OSRA: Optical Structure Recognition

1. Description
2. Dependencies
3. Other acknowledgements
4. Compilation
5. Usage
6. License
7. Download
8. Web Interface
9. Author

Description:
OSRA is a utility designed to convert graphical representations of chemical structures, as they appear in journal articles, patent documents, textbooks, trade magazines etc., into SMILES (Simplified Molecular Input Line Entry Specification - see http://en.wikipedia.org/wiki/SMILES) - a computer recognizable molecular structure format. OSRA can read a document in any of the over 90 graphical formats parseable by ImageMagick - including GIF, JPEG, PNG, TIFF, PDF, PS etc., and generate the SMILES representation of the molecular structure images encountered within that document.
Note that any software designed for optical recognition is unlikely to be perfect, and the output produced might, and probably will, contain errors, so a curation by a human knowledgeable in chemical structures is highly recommended.


Dependencies:
OSRA needs the following Open Source libraries installed:

Other acknowledgements:
OSRA also makes use of the following software (you do not need to install it separately, it's included in the distribution):
Compilation:
Edit the included Makefile to make sure you have the correct locations for ImageMagick, potrace, gocr, openbabel, and tclap. Running make should then generate the executable - osra.
Usage:
OSRA can process the following types of images: Some common abbreviations, hetero atoms, fused and merged atomic labels, hash and wedge bonds, and bridge bonds are currently recognized. Formal charges, isotopes and some element symbols, i.e. iodine ("I" -- looks too much like a straight line = single bond), are not.

Command-line options:
./osra --help
will give you a list of available options with short descriptions.

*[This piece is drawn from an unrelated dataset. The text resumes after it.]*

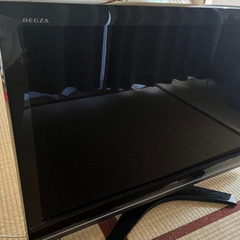 【無料即日手渡し可能】TOSHIBA REGZA テレビ　37Z8000 37インチ　2009年頃の画像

Most common use: ./osra [-r <resolution>] <filename>
Resolution in dpi, default is 300 (unless it's a PS or PDF file as mentioned above), filename is the name of your image file (or PS/PDF document).

Other options:
-t, --threshold: Gray level threshold, default is 0.2 for black-and-white images,
-n, --negate: Inverts colors (for white on black images),
-o, --output: Sets a prefix for writing recognized images to files - i.e. "-o tmp" will create files tmp0.png, tmp1.png... for each of the structures,
-s, --size: Resize images on output - can be useful for running OSRA as a backend for a webservice. Example: "-s 300x400".


License:
This program is free software; the part of the software that was written at the National Cancer Institute is in the public domain. This does not preclude, however, that components such as specific libraries used in the software may be covered by specific licenses, including but not limited to the GNU General Public License as published by the Free Software Foundation; either version 2 of the License, or (at your option) any later version; which may impose specific terms for redistribution or modification.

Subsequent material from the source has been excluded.